*Your goal*
Provide a verbatim copy of all the records below, leaving the images out.
---------- Material provided
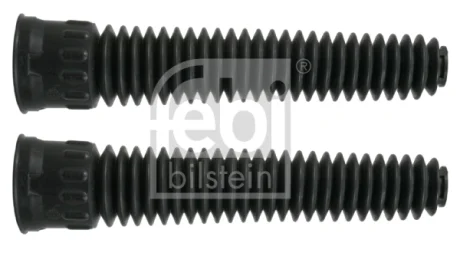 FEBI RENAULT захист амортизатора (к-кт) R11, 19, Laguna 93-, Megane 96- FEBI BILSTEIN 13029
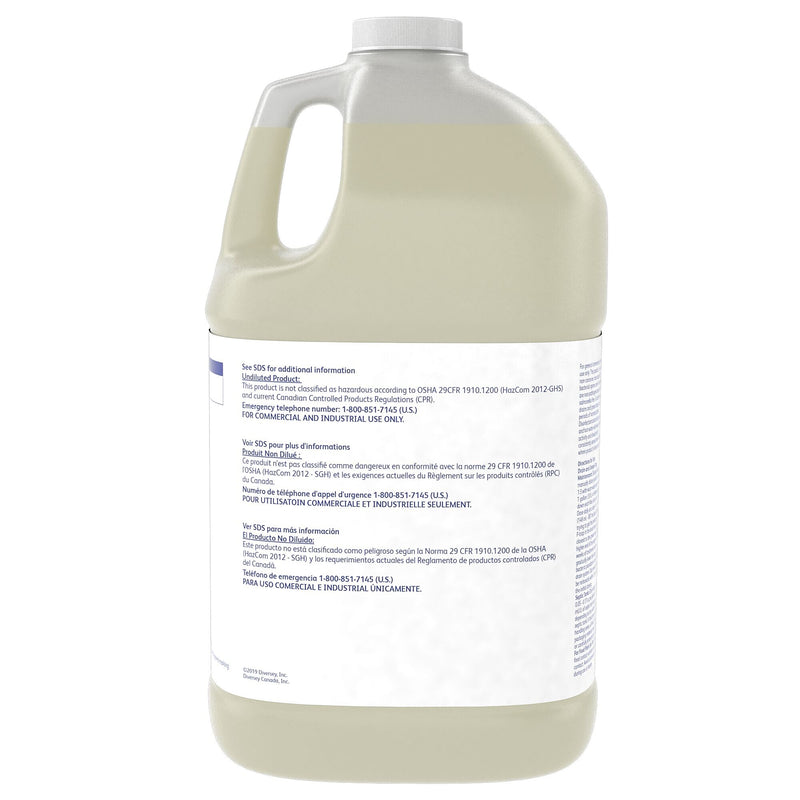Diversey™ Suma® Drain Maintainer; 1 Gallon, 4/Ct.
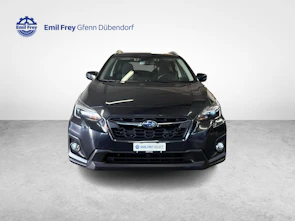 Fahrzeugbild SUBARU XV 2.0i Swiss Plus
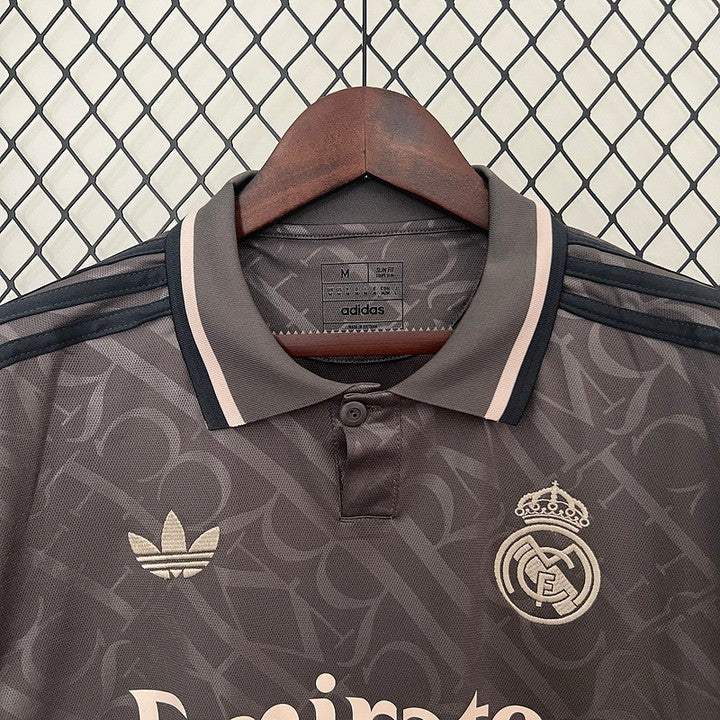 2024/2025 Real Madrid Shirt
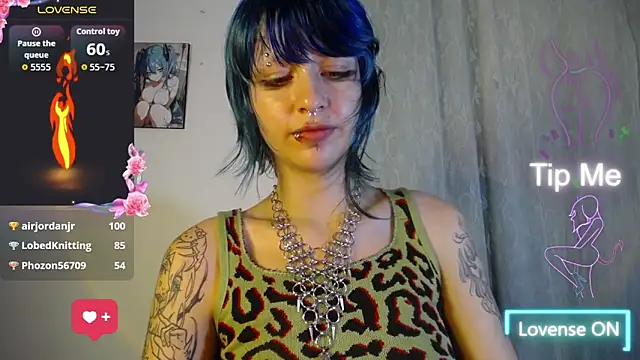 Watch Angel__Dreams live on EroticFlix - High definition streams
--------------------
*Your solution*
 FEBI RENAULT захист амортизатора (к-кт) R11, 19, Laguna 93-, Megane 96- FEBI BILSTEIN 13029
Diversey™ Suma® Drain Maintainer; 1 Gallon, 4/Ct.
 Fahrzeugbild SUBARU XV 2.0i Swiss Plus
 2024/2025 Real Madrid Shirt
 Watch Angel__Dreams live on EroticFlix - High definition streams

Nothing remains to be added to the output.